Maria Cecilia "Mitch" Nicolas is back in Thompson after her experience in the 2012 Miss Universe Canada contest in Toronto in May and glad to be in familiar surroundings.
"I'm happy I'm back again," she says, remembering that she felt the urge to be back in Manitoba as the pageant got underway, when she was a bit overwhelmed by the competition. "The first day, I was so nervous. I felt like I wanted to go home."
Nicolas didn't return home empty-handed either, having been one of the contestants named Miss Congeniality in a four-way tie, thanks to the votes she received from her competitors. That meant a lot to her, as she didn't want to come home with only her experience to mark her participation.
"It felt good. I really felt like, oh my goodness, I'm going to the front," she said, recalling the moment when she heard her name as one of those called. "I feel proud of it."
Nicolas isn't the only one who feels that way. Her partner, Chris Byrne, who accompanied her to Toronto, praised her performance in the pageant.
"I though he performed beautifully," he said. "I thought she really made Thompson proud."

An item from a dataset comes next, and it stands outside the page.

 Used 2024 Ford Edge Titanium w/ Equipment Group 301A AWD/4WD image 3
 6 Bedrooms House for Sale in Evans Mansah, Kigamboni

Among the questions she was asked by the judges was one that was easy for her to answer - "Why did you join a beauty pageant?" - something Nicolas said she wanted to do ever since she was a little girl. Another, more unexpected, asked what she would do if, one day, she had a grown son tell her that he was gay.
"I'm going to be shocked, but whatever he wants to be I will support him," she told the judges.
One thing Nicolas knows now that she didn't before is how important good advice is when competing in this calibre of competition, an experience she's glad to have had
"It's worth it but at the same time I feel like I need more work," Nicolas explains. "You really need to have a coach."
The exposure she gained locally has thrust a bit of that role on her, as younger Thompsonites interested in entering beauty pageants have sought out her advice.
"I'm actually getting some people, talking to them, teenagers asking if I can help them be a part of it," Nicolas said.
That's something she's more than happy to do.
"I want to be a role model to other people to show that they can do what they want to do," she says.
She also plans to continue competing in pageants.
"I'm looking forward to another competition next year," says Nicolas, who already has plans to enter the Miss Physique contest next year. "That's my next goal. I'm not going to stop training."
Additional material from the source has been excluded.